Requirement —
Exclude the pictures, then repeat the remaining data exactly.

Available data —
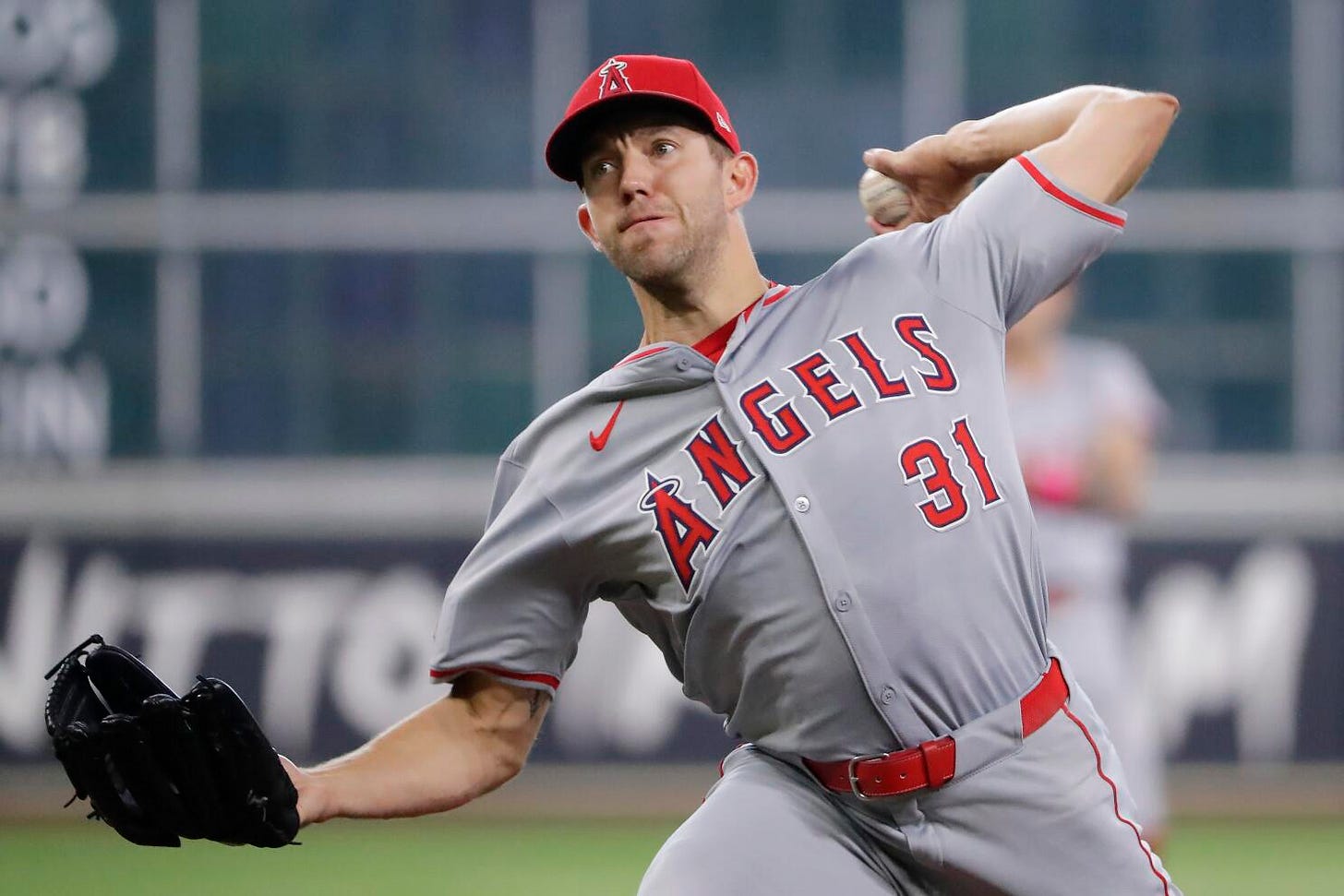 Tyler Anderson pitches eight innings, Angels beat Astros - Los Angeles Times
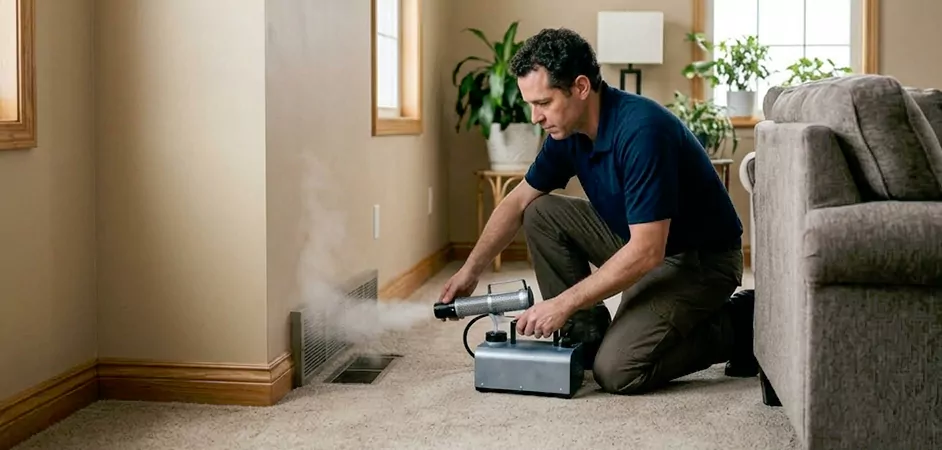 Commercial Duct Fogging in Garland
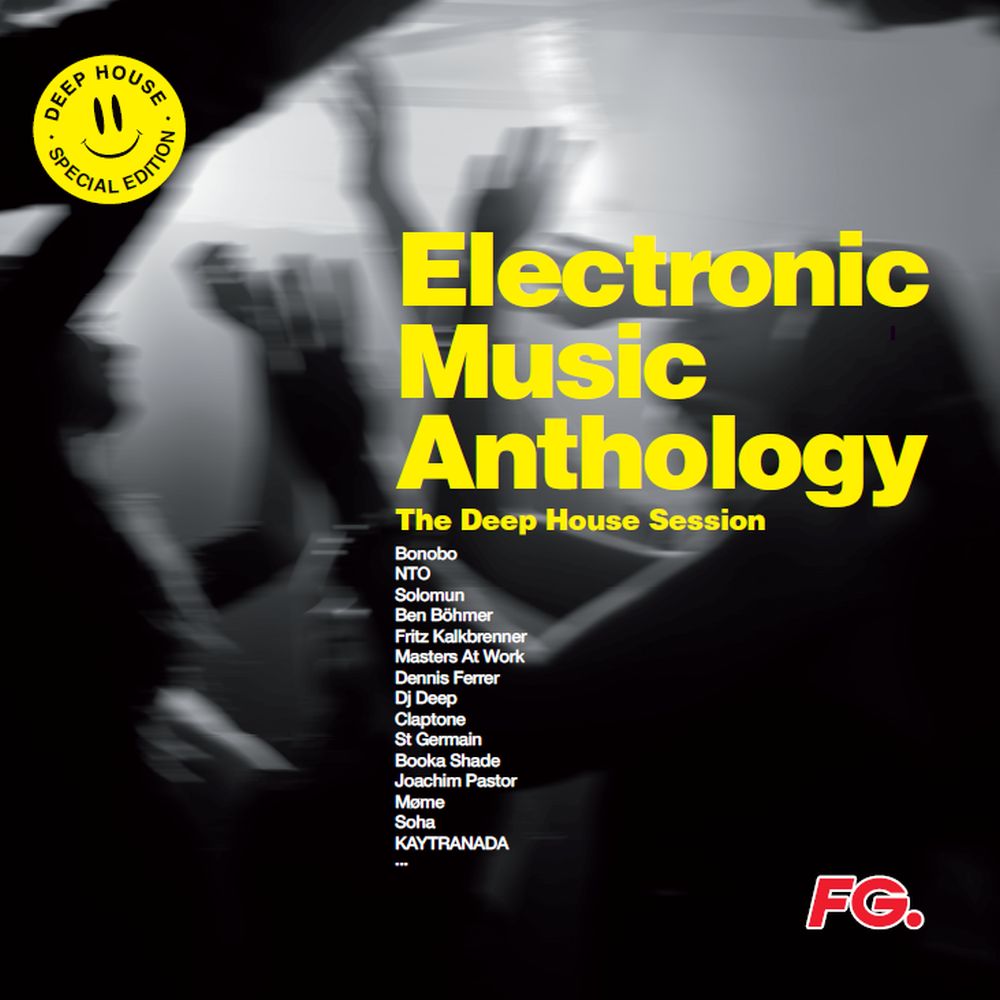 Various Artists - Electronic Music Anthology - The Deep House Session [2LP]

Result of this task —
 Tyler Anderson pitches eight innings, Angels beat Astros - Los Angeles Times
 Commercial Duct Fogging in Garland
 Various Artists - Electronic Music Anthology - The Deep House Session [2LP]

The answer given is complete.